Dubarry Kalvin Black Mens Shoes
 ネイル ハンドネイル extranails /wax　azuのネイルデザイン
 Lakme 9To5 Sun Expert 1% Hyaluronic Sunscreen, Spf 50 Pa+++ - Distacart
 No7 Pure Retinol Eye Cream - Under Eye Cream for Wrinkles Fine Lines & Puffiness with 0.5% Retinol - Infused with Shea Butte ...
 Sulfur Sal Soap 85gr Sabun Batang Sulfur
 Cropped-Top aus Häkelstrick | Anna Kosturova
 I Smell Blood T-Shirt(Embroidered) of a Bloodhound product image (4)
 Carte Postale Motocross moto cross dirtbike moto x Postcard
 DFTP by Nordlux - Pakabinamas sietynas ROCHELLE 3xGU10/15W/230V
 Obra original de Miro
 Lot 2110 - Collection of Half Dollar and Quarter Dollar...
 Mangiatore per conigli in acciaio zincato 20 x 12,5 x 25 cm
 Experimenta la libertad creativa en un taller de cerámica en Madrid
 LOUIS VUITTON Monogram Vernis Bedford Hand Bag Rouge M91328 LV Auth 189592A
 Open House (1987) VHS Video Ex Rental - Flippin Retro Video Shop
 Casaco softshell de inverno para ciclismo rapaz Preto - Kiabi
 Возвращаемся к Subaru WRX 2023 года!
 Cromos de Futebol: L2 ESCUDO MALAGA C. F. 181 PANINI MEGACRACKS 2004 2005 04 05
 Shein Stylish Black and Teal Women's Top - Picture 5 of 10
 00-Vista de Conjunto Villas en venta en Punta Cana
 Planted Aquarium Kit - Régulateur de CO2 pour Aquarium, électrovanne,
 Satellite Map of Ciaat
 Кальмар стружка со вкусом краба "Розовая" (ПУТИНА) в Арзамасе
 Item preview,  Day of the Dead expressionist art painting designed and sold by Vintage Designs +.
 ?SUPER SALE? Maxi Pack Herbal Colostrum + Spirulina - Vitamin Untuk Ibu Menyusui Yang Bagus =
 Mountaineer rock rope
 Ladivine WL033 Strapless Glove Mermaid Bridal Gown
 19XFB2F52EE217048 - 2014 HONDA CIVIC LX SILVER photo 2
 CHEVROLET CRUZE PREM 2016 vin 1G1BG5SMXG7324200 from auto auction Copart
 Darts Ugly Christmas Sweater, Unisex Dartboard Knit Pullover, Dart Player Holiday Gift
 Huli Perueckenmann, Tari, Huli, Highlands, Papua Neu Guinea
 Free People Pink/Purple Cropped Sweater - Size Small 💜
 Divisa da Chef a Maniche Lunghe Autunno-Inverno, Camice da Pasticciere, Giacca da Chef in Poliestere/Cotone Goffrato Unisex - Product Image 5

What the exercise asks:
Taking the entries above, print exactly the lines starting at the line with "Satellite Map of Ciaat" and ending at the line with "CHEVROLET CRUZE PREM", both included.

Result of the exercise:
 Satellite Map of Ciaat
 Кальмар стружка со вкусом краба "Розовая" (ПУТИНА) в Арзамасе
 Item preview,  Day of the Dead expressionist art painting designed and sold by Vintage Designs +.
 ?SUPER SALE? Maxi Pack Herbal Colostrum + Spirulina - Vitamin Untuk Ibu Menyusui Yang Bagus =
 Mountaineer rock rope
 Ladivine WL033 Strapless Glove Mermaid Bridal Gown
 19XFB2F52EE217048 - 2014 HONDA CIVIC LX SILVER photo 2
 CHEVROLET CRUZE PREM 2016 vin 1G1BG5SMXG7324200 from auto auction Copart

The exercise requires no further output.